Fast forward over the years, and I can view many snapshots in my mind of myself reacting to grown up comments by my son. Unless you live under a rock, by age three or four, your child is going to be exposed to a plethora of images, ideas, and commentary about our world. Some of it you try to shield from him because it's not age-appropriate, or it's not something you want him to learn or see at all. You can try to hold on to his innocence as long as possible, but outside forces creep in, and before you know it, he's absorbing all this information, processing it, and spitting it out! Testing the limits of his knowledge and your boundaries.

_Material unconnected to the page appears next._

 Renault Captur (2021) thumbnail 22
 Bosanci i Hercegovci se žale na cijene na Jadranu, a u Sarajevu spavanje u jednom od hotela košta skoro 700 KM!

Each time I hear my son say something or watch him do something that is surprisingly mature beyond his years, I realize he is inching more and more toward becoming a teenager. (Cue scary music.) There's nothing I can do about it. I can't freeze-frame him as a cute little boy who asks, "momma, can I have a balloon?" One of these days he's going to turn to me and say, "Mom, can I have the keys to the car?" And in my mind, I will say "no."

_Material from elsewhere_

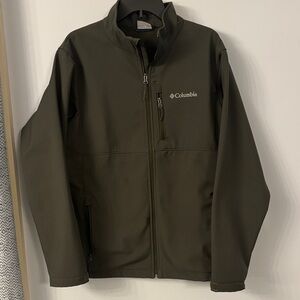 Men’s Columbia Softshell Coat. Green. Large.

What made me stand up and take notice recently, of just how fast my little man is growing up, was when he got his hair cut. Before I could talk him out of it, my little boy blue was having his long blonde locks cut in favor of short spikes that can be gelled into a Mohawk! The adorable pageboy haircut he'd sported for five years was on the floor in a heap, and he was grinning from ear to ear. As was my husband. I was not amused.

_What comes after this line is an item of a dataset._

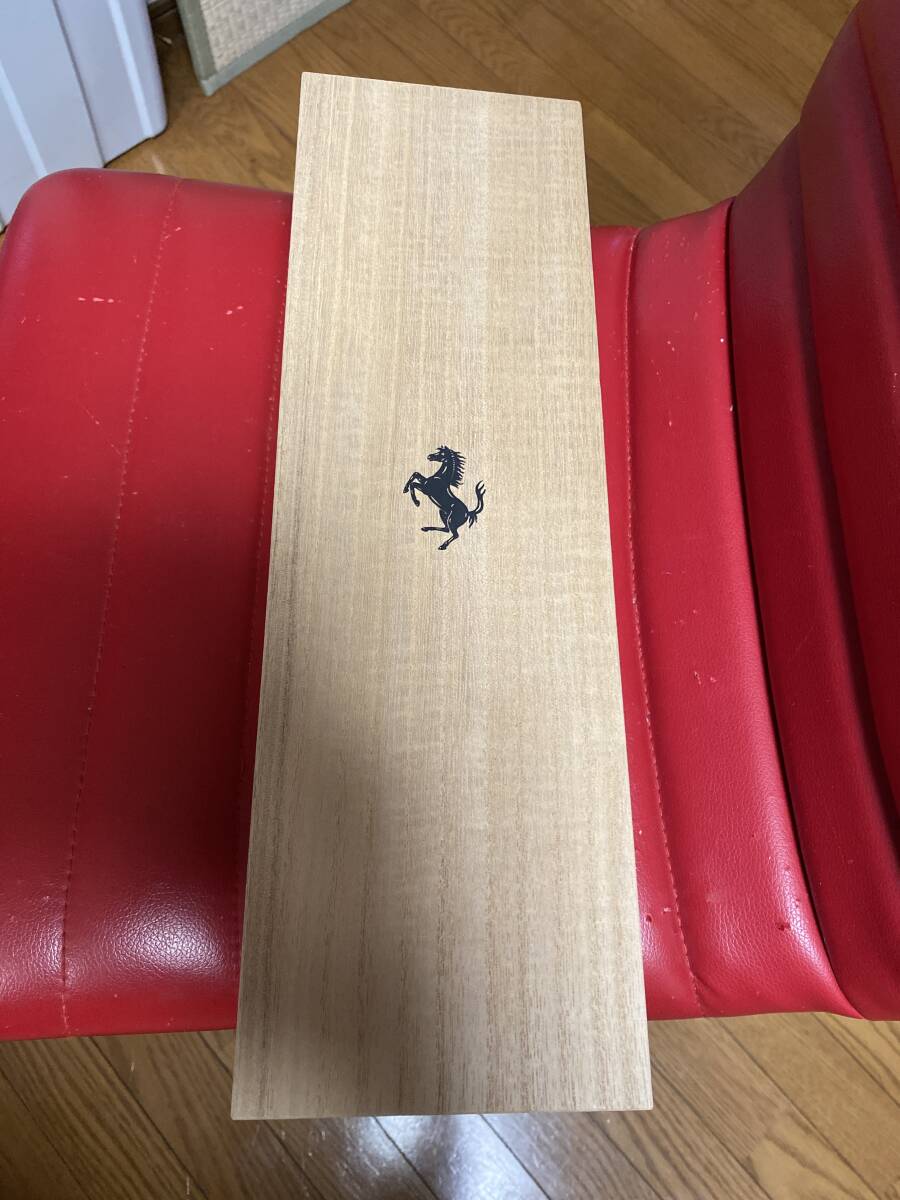 フェラーリ　ワイン木箱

It's not that it doesn't look adorable, too. I'm just not ready for this leap forward in hairstyles that says he's not a little boy anymore. My hairdresser, who's been cutting my son's hair since he had hair to cut, told me to relax. "He's growing up. He wants a big boy haircut," she said. I was shocked that he asked her to cut it so short, and even more surprised that he didn't ask me if it was okay. He didn't ask me. He didn't need my input.
As much as I want my son to grow up, to be independent, to have a mind of his own, and to make his own choices, I also want him to stay cute, and sweet, and little, and innocent–and to need my approval on haircuts just a little while longer.